The (Beginning of the) End of the Shameful U.S. Cotton Deal?

Heartening news from the Appropriations Committee yesterday: they voted to cut aid to farmers generally, and to make significant changes to an egregious cotton program. But first, some background.  You’ll recall the embarrassing deal made by the Obama administration last year to head off Brazil’s right to impede American exports in retaliation for WTO-illegal cotton support. The United States is, in other words, now sending almost $150m worth of “technical assistance” and “capacity building” funds to Brazil, just so we can continue to subsidize American cotton growers without penalty (so much for U.S. promotion of the rule of law in international commercial relations). Rep. Ron Kind (D-WI) tried to end that deal earlier this year, but to no avail. Big Ag’s friends in Congress argued, unfortunately successfully, that any changes to the cotton bribes should be dealt with in the context of the 2012 Farm Bill, and by the agriculture committees (good luck with that).

But yesterday, the Appropriations Committee approved by voice vote an amendment from Rep. Jeff Flake (R-AZ) to take the fiscal 2013 payment to Brazil from funds that would normally go to supporting U.S. cotton growers. According to an article [$] in the Congressional Quarterly, Rep. Flake argued that “American cotton growers should pay the bill since the United States was making the payment on their behalf.” Well played, sir.  Rep. Rosa DeLauro (D-CT) filed an amendment that would send the FY2012 cotton payment to the Women’s, Infants and Children nutrition program instead.

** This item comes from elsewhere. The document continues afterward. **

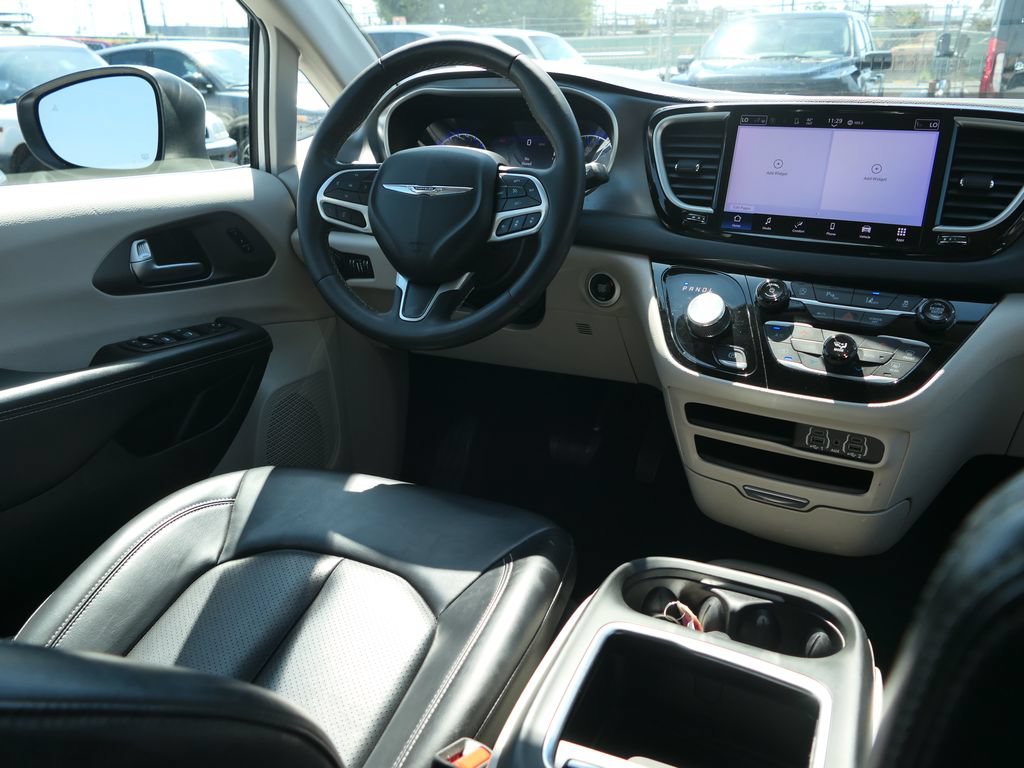 Used 2023 Chrysler Pacifica Touring-L FWD image 23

The Committee also voted to lower the income eligibility cap to $250,000 AGI.

The CQ article did contain this worrying footnote, however:

Support for the amendments may be tenuous — especially if lawmakers cannot hide behind the anonymity of a voice vote. After winning the voice vote in committee, Flake sought a roll call, prompting appropriators of both parties to suggest that he did not need the recorded vote. Flake took their advice and demurred.

 Leglislators are usually shy about publicizing their positions only when they think it could get them in political hot water, so let’s not uncork the champagne yet.